We recently wrote about a study looking at low carb versus low fat diets; the conclusion, as far as weight loss was concerned, was that it didn't make a difference. What was more important was that the diet chosen worked with the individual.
But food habits go beyond a svelte silhouette and have all kinds of health benefits and risks associated with them. ANd when it comes to brain health, for instance, diet choice does appear to make a difference, according to new research published in the Journal of the American Geriatrics Society. The study authors takes a look at diet and cognitive abilities in older adults; the data is pretty eye-opening. They conclude:
This study shows that greater adherence to MedDiet and MIND diet patterns are associated with better overall cognitive function in older adults and lower odds of cognitive impairment.
The perks of the Mediterranean diet are not a mystery; it's constantly cited as one of the healthiest eating styles around. It is rich in fruits, vegetables, whole grains, beans, potatoes, nuts, olive oil and fish. Processed foods, fried and fast foods, snack foods, red meat, poultry and whole-fat dairy foods are on the no-no list.
The MIND diet – an acronym derived from a mouthful of words: Mediterranean-DASH diet Intervention for Neurodegeneration Delay – is like a subset of the Mediterranean diet and is based on 15 types of foods. Ten brain-healthy ones (green leafy vegetables, other vegetables, nuts, berries, beans, whole grains, seafood, poultry, olive oil, and wine) and five unhealthy ones to avoid (red meat, butter and stick margarine, cheese, pastries, sweets and fried/fast foods).

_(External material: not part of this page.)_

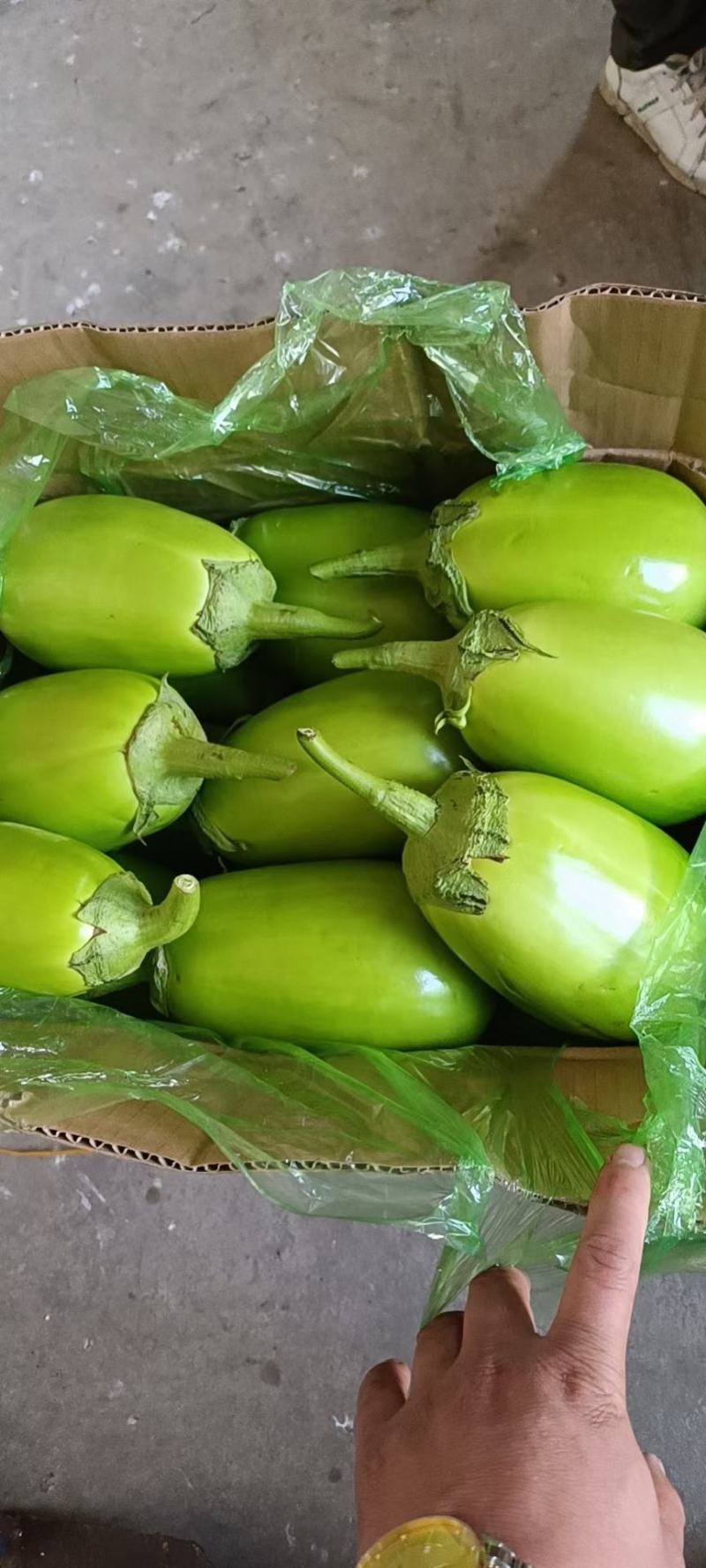 东北暖棚青茄大量上市，5两以上新开源的小秧绿茄子保证质量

The team of researchers looked at data from 5,907 older adults, all participants in the Health and Retirement Study. After comparing the diets of participants with their performance on cognitive tests, including memory and attention skills, here's what they found:
Older people who ate Mediterranean and MIND-style diets scored significantly better on the cognitive function tests than those who ate less healthy diets. In fact, older people who ate a Mediterranean-style diet had 35% lower risk of scoring poorly on cognitive tests. Even those who ate a moderate Mediterranean-style diet had 15% lower risk of doing poorly on cognitive tests. The researchers noted similar results for people who ate MIND-style diets.
With other research recently finding that one in three cases of dementia are preventable – with nine modifiable lifestyle changes that can be started in early life – it looks like there is now another way to start taking care of your cognitive health. Thankfully, both of these eating styles offer variety and beautiful delicious food; and the lesson is short and sweet: Eat smartly, stay smart.